Image-caption web data

——

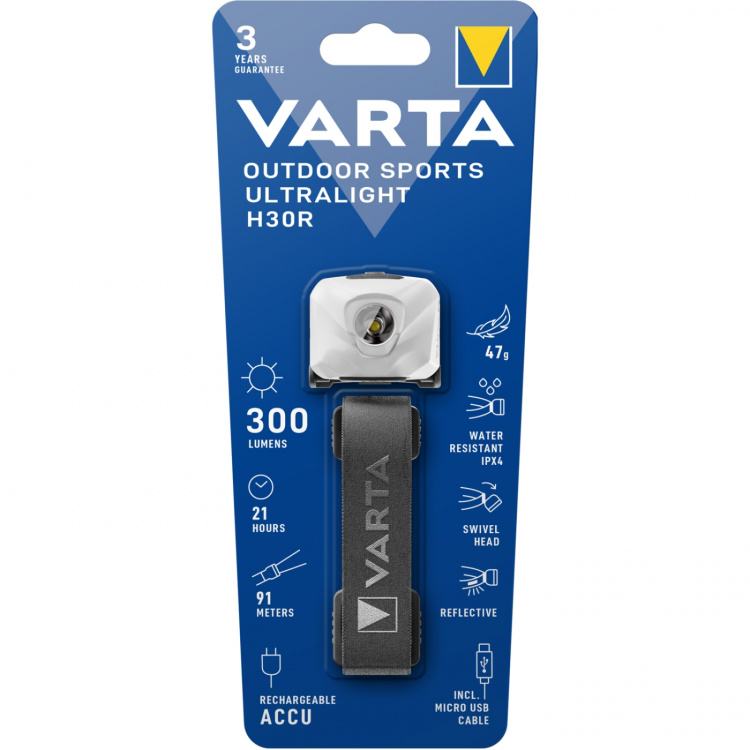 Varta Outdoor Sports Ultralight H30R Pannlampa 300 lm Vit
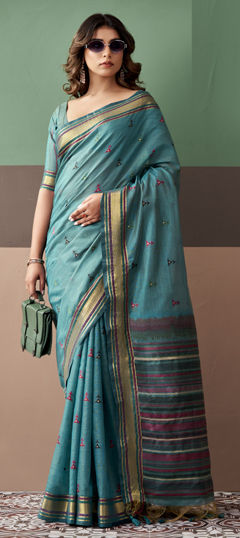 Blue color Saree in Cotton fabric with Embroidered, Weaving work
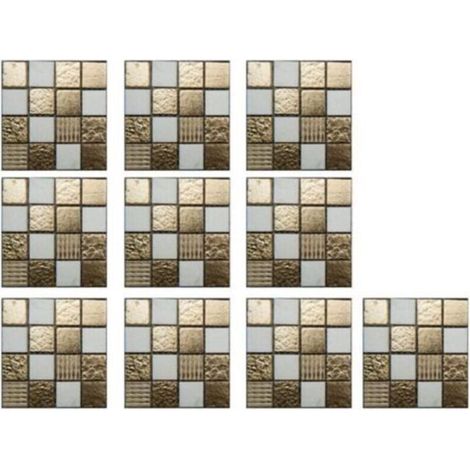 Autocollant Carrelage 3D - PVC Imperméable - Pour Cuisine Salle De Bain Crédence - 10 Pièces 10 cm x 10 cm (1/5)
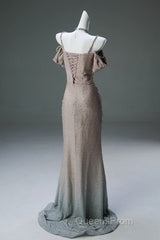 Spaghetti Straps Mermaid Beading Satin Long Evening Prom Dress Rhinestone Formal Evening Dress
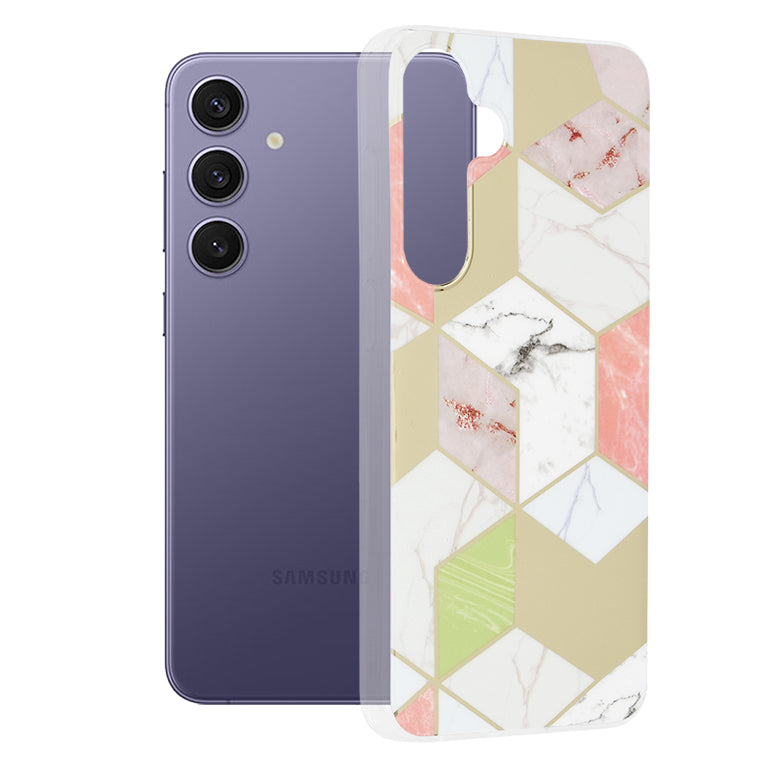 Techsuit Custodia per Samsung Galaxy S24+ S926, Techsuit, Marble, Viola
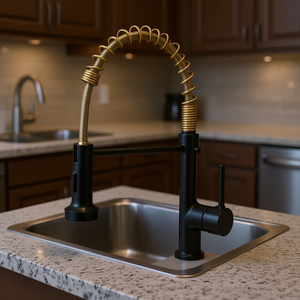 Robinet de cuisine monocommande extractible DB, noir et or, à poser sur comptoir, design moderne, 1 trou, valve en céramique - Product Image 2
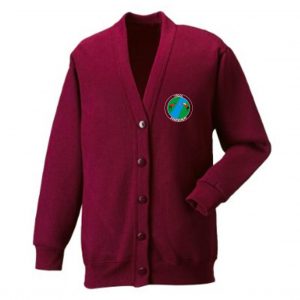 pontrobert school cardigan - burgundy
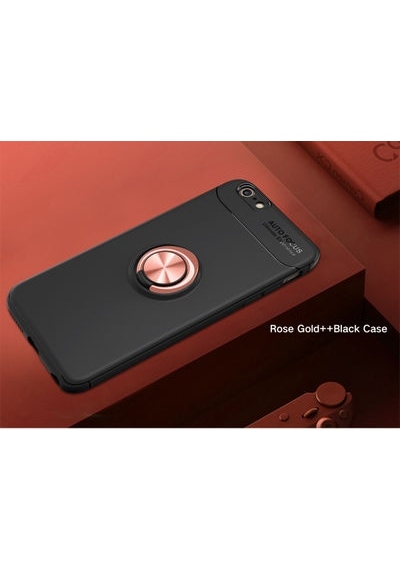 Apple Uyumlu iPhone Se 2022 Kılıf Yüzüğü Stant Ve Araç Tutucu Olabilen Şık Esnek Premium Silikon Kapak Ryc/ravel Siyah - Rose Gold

——

◆ Problem statement ◆
Repeat exactly the lines above, beginning at the one containing "Autocollant Carrelage 3D" and ending at the one containing "pontrobert school cardigan - burgundy". Do not carry over any pictures.

◆ Answer space ◆
 Autocollant Carrelage 3D - PVC Imperméable - Pour Cuisine Salle De Bain Crédence - 10 Pièces 10 cm x 10 cm (1/5)
 Spaghetti Straps Mermaid Beading Satin Long Evening Prom Dress Rhinestone Formal Evening Dress
 Techsuit Custodia per Samsung Galaxy S24+ S926, Techsuit, Marble, Viola
 Robinet de cuisine monocommande extractible DB, noir et or, à poser sur comptoir, design moderne, 1 trou, valve en céramique - Product Image 2
 pontrobert school cardigan - burgundy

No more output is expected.